アニメ映画『神々の山嶺』公開を機に考える、世界的漫画家・谷口ジローの魅力

 谷口ジローには、『神々の山嶺』より先に登山を描いた漫画が存在する。登山経験を持つ漫画原作者の遠崎史朗とコンビを組んだ『K』だ。国籍も名前も不明なケイという男が、カラコルム山脈のK2やヒマラヤ山脈のプモ・リ、そしてエベレストといった山々に挑んだクライマーが遭難した際に、救助に向かうというストーリー。石塚眞一の漫画『岳 みんなの山』の国際版とも言え、どれだけ危険に見えてもケイが向かえば確実に救出できるというところは、登山版ブラック・ジャックのような内容だ。

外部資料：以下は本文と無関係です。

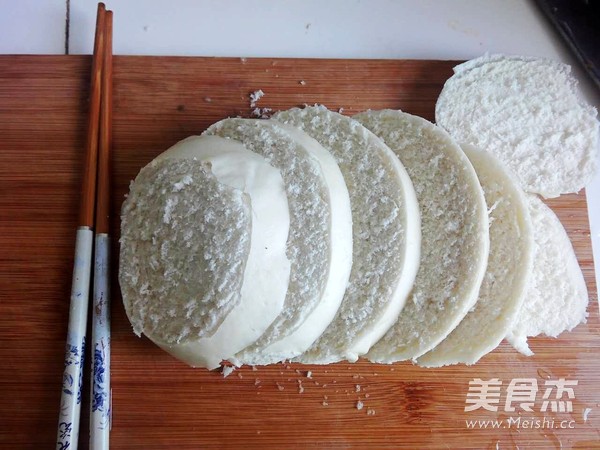 Egg-flavored Steamed Bread Slices recipe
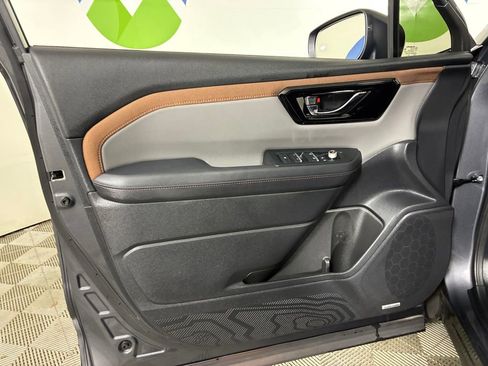 Used 2025 Subaru Forester Sport image 23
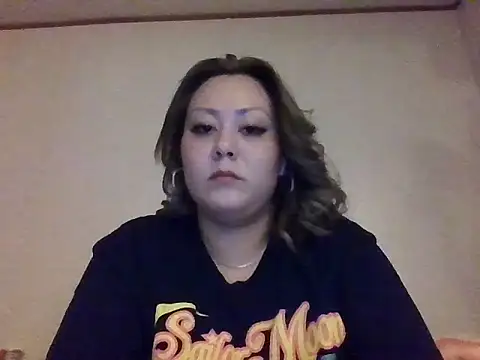 YOUNGFLICKA's cam snapshot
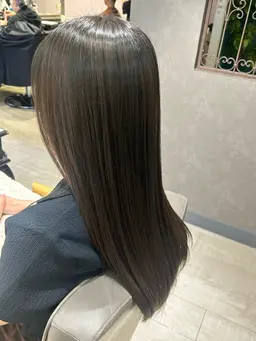 【うるつや美髪へ🛁🪽】✨髪質改善縮毛矯正✨＋AujuaリペアTR付き🐾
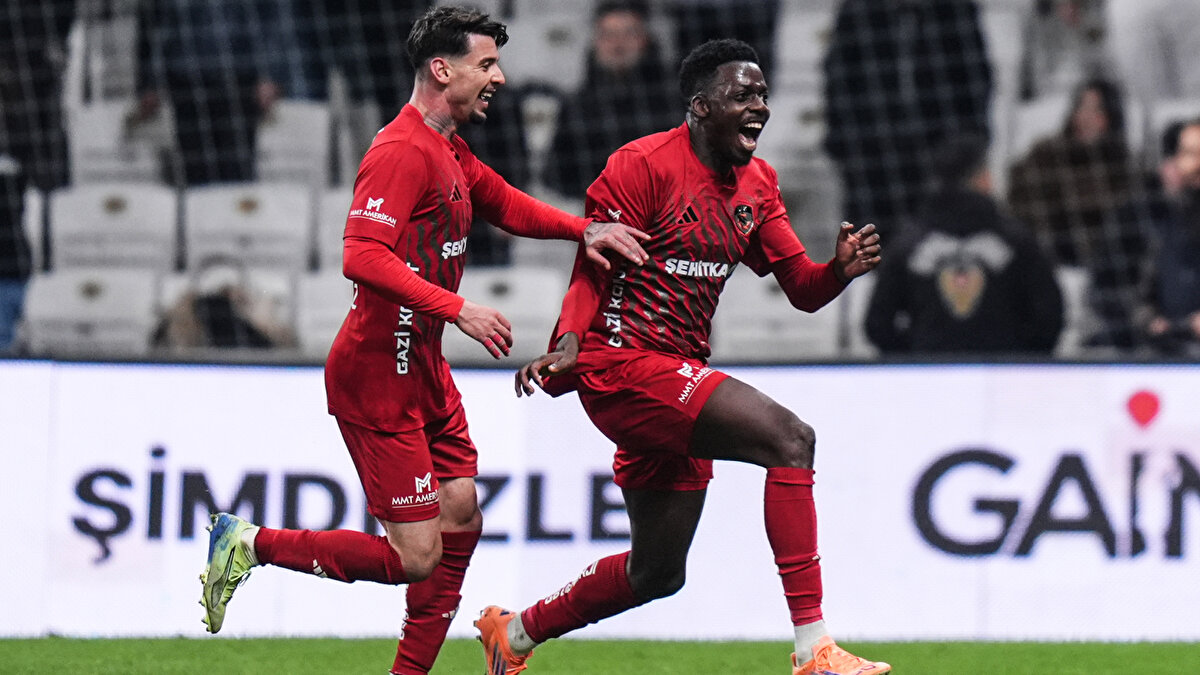 “Anlatılamaz bir nokta”<br><br>Ali Gültiken: Beşiktaş hücum yönünü geliştirip bir şeyler inşa ederken savunmada bu kadar basit hatalar yapmamalı. Futbol önce savunma güvenliği sonra kazanma felsefesi üzerine inşa ediliyor. Beşiktaş gibi takımın 4 maç üst üste iç saha karşılaşması kazanamaması da anlatılamaz bir noktaya geliyor.<br>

 ただし、金で動かないところがケイとBJは少し違う。ケイの凄いところは、圧倒的なクライミングのテクニックを持ちながら100%無理なら絶対に動かないところ。逆に1%でも可能性があれば出向いていって氷壁を登り、雪崩を耐えて遭難者までたどり着き、麓へと降ろす。そんな男の格好良さを、緻密な山の描写と相まり引きつける。そびえたつ氷壁にぽつんと張り付くケイの姿、そして凍り付くようなケイの表情からは山の過酷さが強く伝わってくる。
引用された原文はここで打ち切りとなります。